The civil parish also contains its main neighbourhood or street, Henley Street, and separate hamlets of Great Buckland (though split down the side with Snodland having essentially the Church) and Boughurst Street to the south; the valley narrows quickly the south to the appropriately named Buckland at the top of the dry valley floor.  In this steep valley, facing west, is a vineyard, Monk's Vineyard; east are these woods: College, Haydown, Brazenden, Scrubes, Wrenches, Goss Hilly and Red Wood to the north east.  Apart from this eastern edge, there are Fowles/Brimp, Luxon, Molehill, Freezelands, Round, Tom Loft's, Longfield and Henley Woods. These are part of the now long and narrow Rochester Forest, much of which would have been used for the chandlery/shipbuilding of the Medway towns.  Most afford access under the 2000 Act.  There are two country public houses within the area.

History
Luddesdown is first recorded in 975 as Hludes duna (Hlud's hill); in 1186 it was Ludesdon and in 1610 Luddesdowne. It is pronounced Ludsdun. In 939 there was a mound nearby called Hludes beorh - suggesting that Hlud was a prominent citizen.

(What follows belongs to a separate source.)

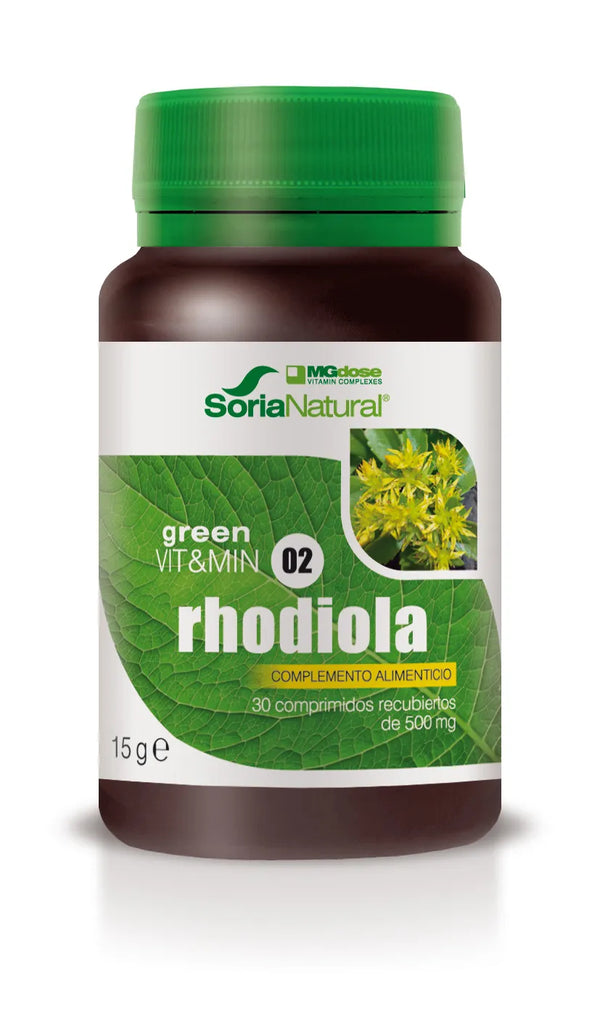 Mgdose Rhodiola 500 Mg 30 Comp - Batty Beauty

The church, originally belonging to the local manor, dedicated to St Peter and St Paul has only II* listing status; it is part of the ecclesiastical parish of Cobham to the north. The church school now operates as a village hall.

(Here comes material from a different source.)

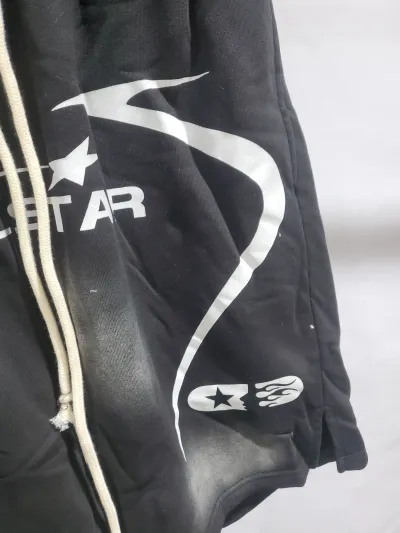 Hellstar Warm Up Shorts Black review Stockxkicks 03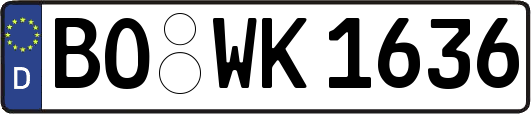 BO-WK1636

The small Norman Chapel of Dode, now just inside Snodland parish, was also associated with Luddesdown. Dode village was ravaged by the Black Death in 1349; it never recovered and was erased from the map. The Chapel was restored in the 1990s and is an approved premise to conduct civil ceremonies such as weddings. It is on the W side of the minor road S of Great Buckland.

Luddesdown was a parish in Strood Rural District, though local tax levels were set and services were also provided by Kent County Council prior to 1974.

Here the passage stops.